Scammers posing as IMPI inspectors are hitting bars showing World Cup matches, demanding payments for broadcasting licenses. The 28-million-peso fines are real, but the inspectors are fake. Here's how to tell the difference.

The World Cup is here, and so are the scammers.

Mexican authorities are warning bars, restaurants, and businesses across the country about a new extortion scheme: fake IMPI inspectors showing up unannounced to demand fees for broadcasting World Cup matches. The real Mexican Institute of Industrial Property has issued guidelines on how to tell the difference between a legitimate inspector and a criminal with a clipboard.

The scheme is simple. Someone walks into a bar or restaurant that's showing World Cup matches on a TV, claims to be from IMPI, and demands payment for a broadcasting license. The fines they cite are real: up to 28 million pesos for showing FIFA World Cup content without authorization. The fines exist. The inspectors, in many cases, don't.

The real IMPI operates differently. Legitimate inspectors carry official identification, present a written authorization, and follow a specific protocol. They don't show up unannounced to demand cash. They don't threaten immediate fines. They don't accept payments on the spot.
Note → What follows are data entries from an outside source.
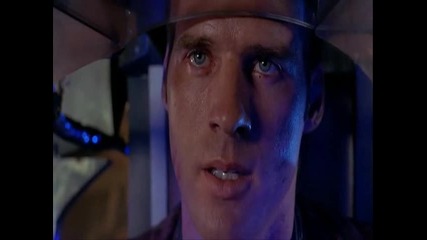 Farscape The Peacekeeper Wars part5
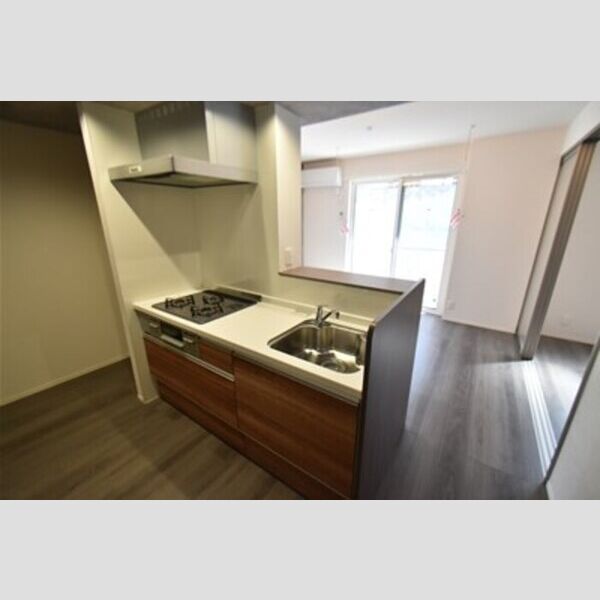 キッチン (キッチン)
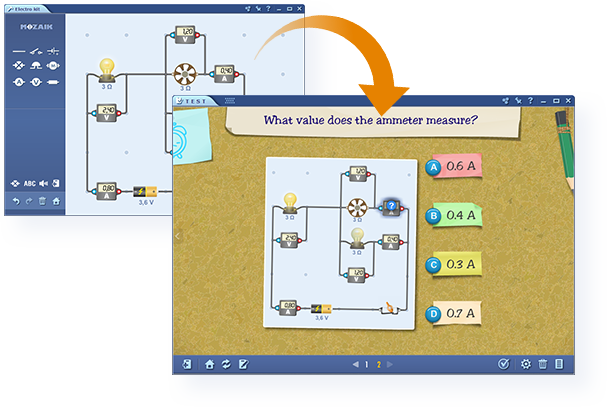 Automatski generisani zadaci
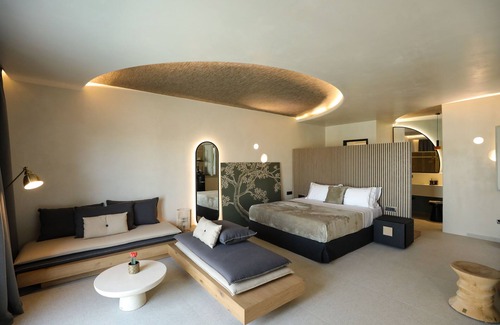 Glastros Hotel | Brilliance of Mykonos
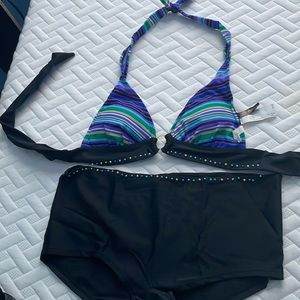 Bikini size 10
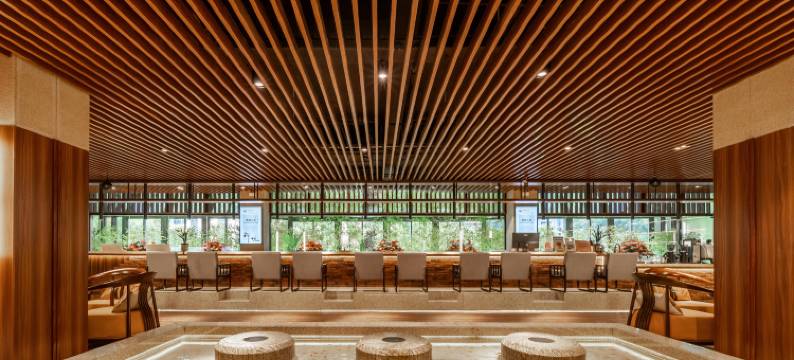 汕头华美达安可酒店(汕头高铁站珠江路美食街店)图片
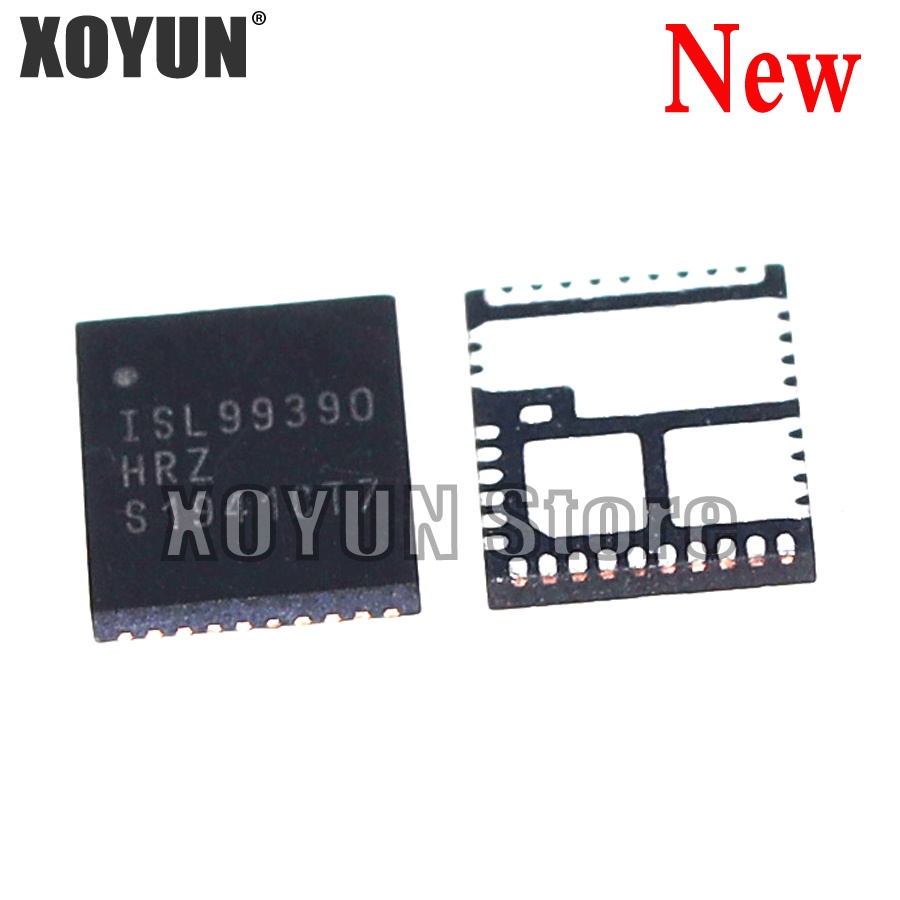 Terbaru100% ISL99360FRZ ISL99380HRZ ISL99390HRZ ISL99580HRZ ISL99360 ISL99380 ISL993993 Isl99580 QFN Hajatan Baru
The scam works because the underlying fear is legitimate. FIFA and its broadcast partners aggressively protect their intellectual property rights. Bars and restaurants that show World Cup matches without a proper license do face real legal consequences. The scammers are exploiting that fear, using the threat of a 28-million-peso fine to extract smaller payments from business owners who don't know the rules.
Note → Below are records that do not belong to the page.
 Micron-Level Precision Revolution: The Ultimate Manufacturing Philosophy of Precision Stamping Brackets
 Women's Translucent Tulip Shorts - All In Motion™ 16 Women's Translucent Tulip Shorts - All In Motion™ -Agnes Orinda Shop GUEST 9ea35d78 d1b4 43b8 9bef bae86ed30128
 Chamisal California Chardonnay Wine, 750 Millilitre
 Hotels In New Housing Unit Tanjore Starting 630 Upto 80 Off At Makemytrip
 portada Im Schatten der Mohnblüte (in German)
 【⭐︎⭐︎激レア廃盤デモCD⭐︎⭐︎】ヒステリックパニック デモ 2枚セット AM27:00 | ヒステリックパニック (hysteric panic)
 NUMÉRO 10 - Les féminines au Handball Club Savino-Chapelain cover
IMPI's advice is straightforward: ask for identification, verify the inspector's credentials through the institute's official channels, and don't pay anything on the spot. Real inspectors don't carry portable payment devices. Real inspections involve paperwork, not cash transactions.
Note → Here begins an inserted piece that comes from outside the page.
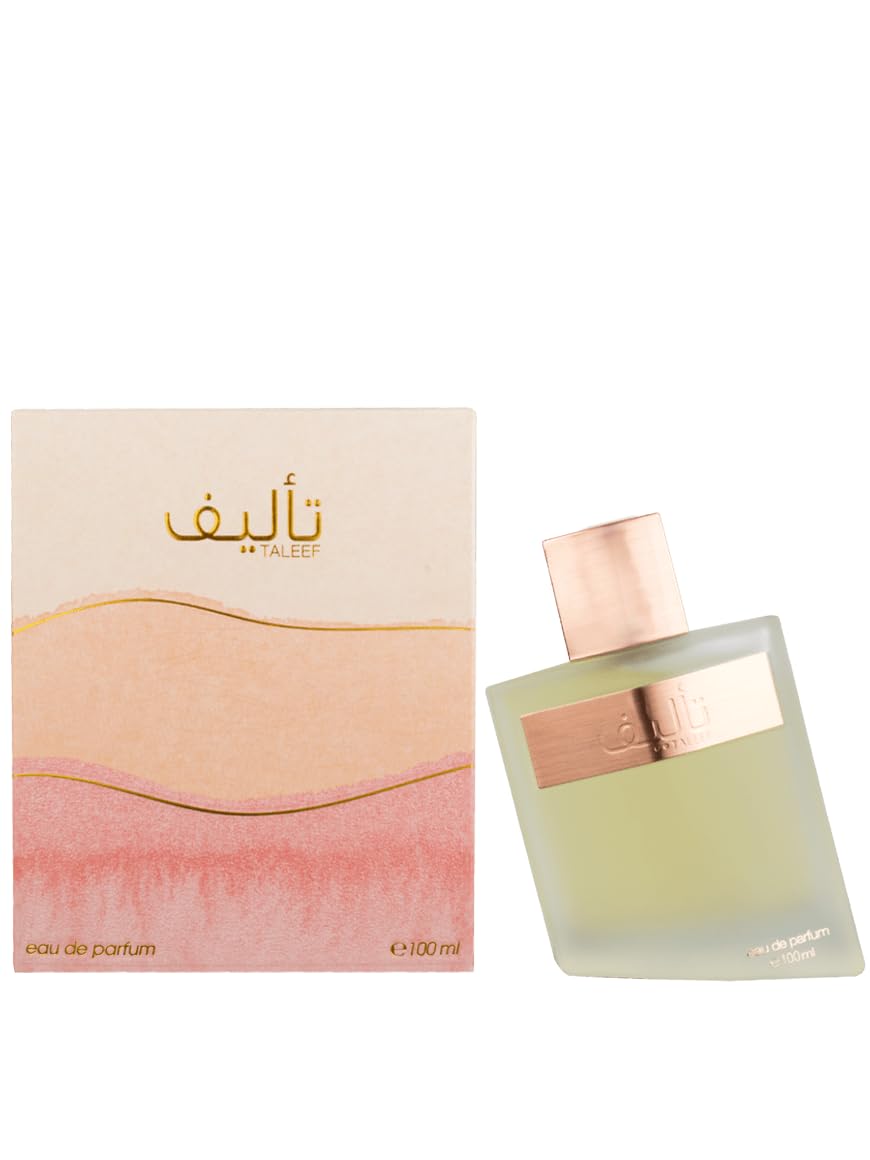 Ahmed Al Maghribi Taleef 50 ML Perfumes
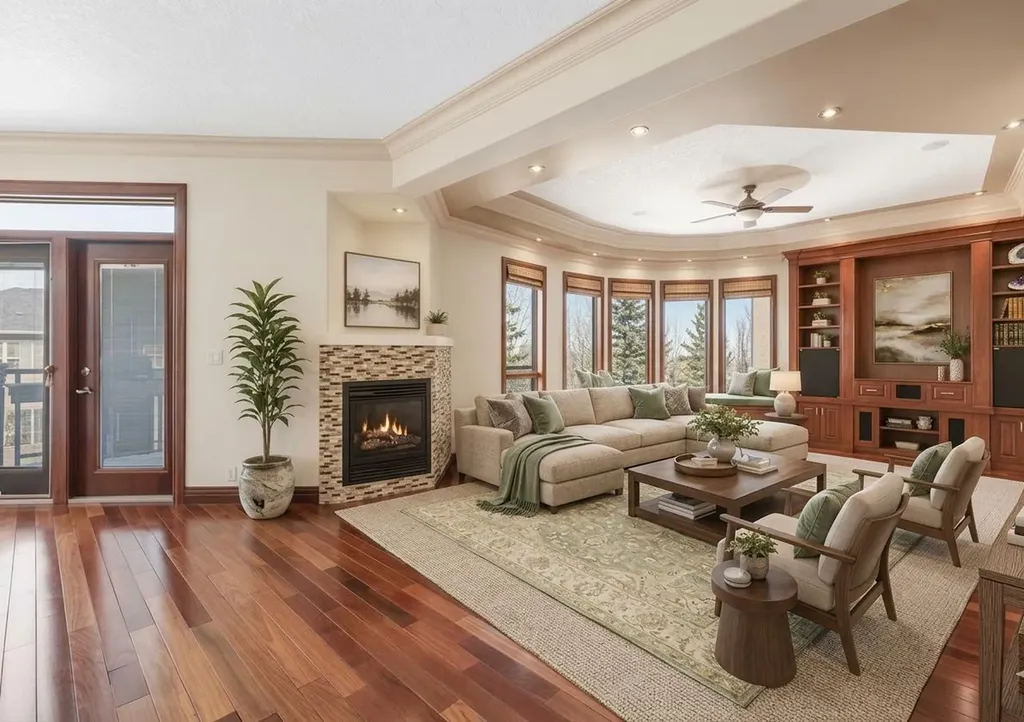 8 Coulee Park SW Calgary AB T3H 5J5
The timing is perfect for scammers. The World Cup is the biggest sporting event on the planet, and Mexico is hosting it. Millions of businesses are showing matches. The intellectual property landscape is complex, with different rules for different types of venues, and most business owners don't understand the specifics. That confusion is the scammer's best friend.

The real IMPI has been cracking down on unauthorized World Cup broadcasts, and the fines are not theoretical. Businesses that show matches without proper licensing face genuine legal action. But the enforcement process is bureaucratic, documented, and involves multiple steps before any fine is imposed. The "inspector" who shows up at your door demanding cash is not part of that process.

For business owners, the protection is simple: know the rules before the inspector arrives. If someone claims to be from IMPI, ask for their credentials. Call IMPI directly to verify. Don't pay anything until you've confirmed the inspection is legitimate. And if the "inspector" gets aggressive or threatening, call the police.

The World Cup will bring millions of viewers to bars and restaurants across Mexico. Some of those venues will have proper licenses. Some won't. And some will be visited by people who aren't inspectors at all, just criminals looking to profit from the confusion.

The real IMPI exists. The real fines exist. The fake inspectors exist too. The difference is in the details, and the details are what protect you.